» **GIVEN DATA**:
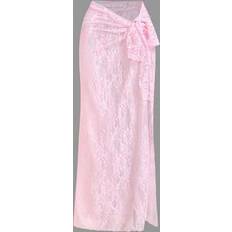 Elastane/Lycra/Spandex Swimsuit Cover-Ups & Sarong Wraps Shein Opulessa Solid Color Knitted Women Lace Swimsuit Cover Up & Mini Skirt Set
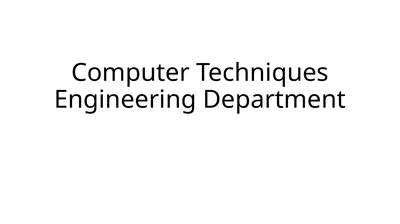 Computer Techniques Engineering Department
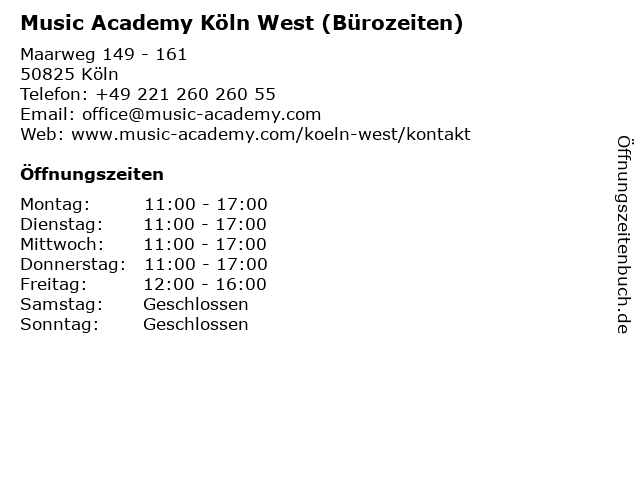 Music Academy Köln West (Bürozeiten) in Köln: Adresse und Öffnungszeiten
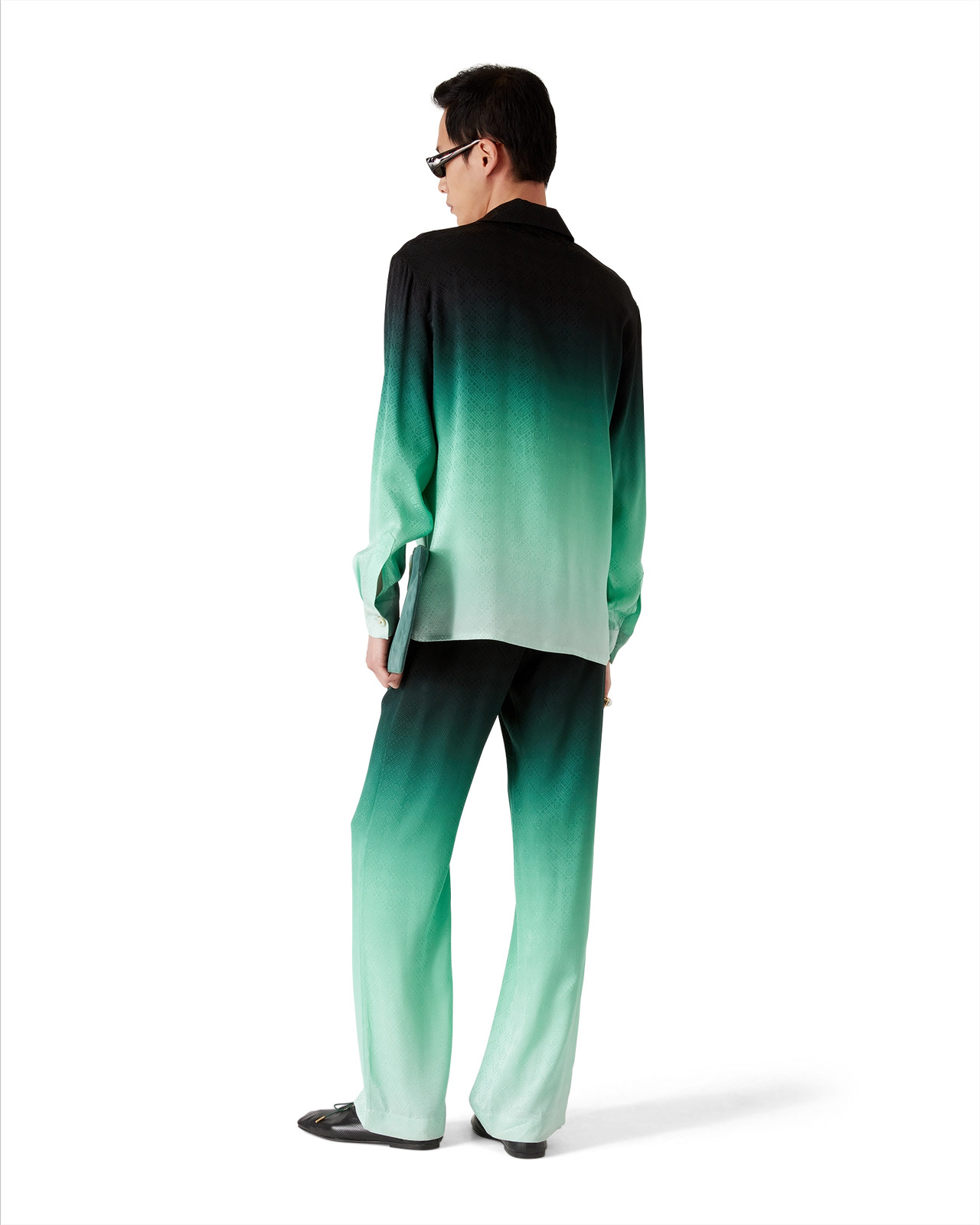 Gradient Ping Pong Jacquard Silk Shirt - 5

» **TASK TO CARRY OUT**: Give the data again exactly, image-free.

» **RESPONSE AREA**:
 Elastane/Lycra/Spandex Swimsuit Cover-Ups & Sarong Wraps Shein Opulessa Solid Color Knitted Women Lace Swimsuit Cover Up & Mini Skirt Set
 Computer Techniques Engineering Department
 Music Academy Köln West (Bürozeiten) in Köln: Adresse und Öffnungszeiten
 Gradient Ping Pong Jacquard Silk Shirt - 5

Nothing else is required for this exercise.